Records shown:
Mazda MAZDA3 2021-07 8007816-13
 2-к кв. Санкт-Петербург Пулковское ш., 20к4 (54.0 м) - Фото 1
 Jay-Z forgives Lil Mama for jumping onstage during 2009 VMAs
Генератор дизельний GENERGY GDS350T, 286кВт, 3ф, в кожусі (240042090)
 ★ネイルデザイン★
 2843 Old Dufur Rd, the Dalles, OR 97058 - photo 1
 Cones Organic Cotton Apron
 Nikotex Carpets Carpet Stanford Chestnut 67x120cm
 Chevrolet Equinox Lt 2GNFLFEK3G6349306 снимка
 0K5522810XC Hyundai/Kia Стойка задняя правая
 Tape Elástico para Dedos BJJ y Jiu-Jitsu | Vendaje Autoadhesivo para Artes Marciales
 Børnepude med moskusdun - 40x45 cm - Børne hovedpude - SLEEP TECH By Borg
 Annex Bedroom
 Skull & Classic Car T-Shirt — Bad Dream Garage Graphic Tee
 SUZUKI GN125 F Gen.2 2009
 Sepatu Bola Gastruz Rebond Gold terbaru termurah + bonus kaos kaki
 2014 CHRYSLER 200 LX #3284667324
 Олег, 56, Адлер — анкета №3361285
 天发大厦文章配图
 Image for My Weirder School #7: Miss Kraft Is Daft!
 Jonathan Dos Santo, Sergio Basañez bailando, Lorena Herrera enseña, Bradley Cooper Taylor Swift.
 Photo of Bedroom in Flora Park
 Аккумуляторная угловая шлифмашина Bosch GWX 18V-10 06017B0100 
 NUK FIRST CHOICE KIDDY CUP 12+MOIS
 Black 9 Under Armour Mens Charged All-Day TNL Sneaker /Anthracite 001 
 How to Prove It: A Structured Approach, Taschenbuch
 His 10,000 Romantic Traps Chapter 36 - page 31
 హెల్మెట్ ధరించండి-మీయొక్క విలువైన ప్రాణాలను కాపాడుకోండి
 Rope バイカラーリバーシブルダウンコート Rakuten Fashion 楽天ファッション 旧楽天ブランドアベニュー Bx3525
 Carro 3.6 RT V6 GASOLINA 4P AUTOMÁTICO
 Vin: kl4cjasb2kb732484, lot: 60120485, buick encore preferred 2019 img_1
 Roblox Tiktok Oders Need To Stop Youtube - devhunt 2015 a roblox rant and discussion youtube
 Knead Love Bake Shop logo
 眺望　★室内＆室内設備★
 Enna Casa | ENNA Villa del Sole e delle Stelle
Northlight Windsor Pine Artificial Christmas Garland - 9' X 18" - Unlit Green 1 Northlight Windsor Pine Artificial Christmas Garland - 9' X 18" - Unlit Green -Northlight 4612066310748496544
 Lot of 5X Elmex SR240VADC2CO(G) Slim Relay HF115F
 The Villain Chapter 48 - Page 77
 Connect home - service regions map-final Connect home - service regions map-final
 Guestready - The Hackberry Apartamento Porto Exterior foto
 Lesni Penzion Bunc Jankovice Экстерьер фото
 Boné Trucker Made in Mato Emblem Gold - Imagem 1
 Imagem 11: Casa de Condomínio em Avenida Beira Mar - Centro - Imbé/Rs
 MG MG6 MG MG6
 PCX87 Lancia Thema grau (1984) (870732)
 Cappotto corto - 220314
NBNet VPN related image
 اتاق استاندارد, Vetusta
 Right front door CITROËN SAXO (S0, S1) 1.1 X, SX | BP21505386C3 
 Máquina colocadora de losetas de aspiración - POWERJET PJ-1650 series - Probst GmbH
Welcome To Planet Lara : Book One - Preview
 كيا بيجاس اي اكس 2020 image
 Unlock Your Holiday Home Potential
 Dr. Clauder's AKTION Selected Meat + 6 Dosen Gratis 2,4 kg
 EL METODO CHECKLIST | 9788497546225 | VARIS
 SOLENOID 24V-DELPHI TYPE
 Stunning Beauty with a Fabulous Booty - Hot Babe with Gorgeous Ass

Task objective: Up to and including the line containing "2843 Old Dufur", please write out the listing exactly, starting from its first line.

Result of the task:
Mazda MAZDA3 2021-07 8007816-13
 2-к кв. Санкт-Петербург Пулковское ш., 20к4 (54.0 м) - Фото 1
 Jay-Z forgives Lil Mama for jumping onstage during 2009 VMAs
Генератор дизельний GENERGY GDS350T, 286кВт, 3ф, в кожусі (240042090)
 ★ネイルデザイン★
 2843 Old Dufur Rd, the Dalles, OR 97058 - photo 1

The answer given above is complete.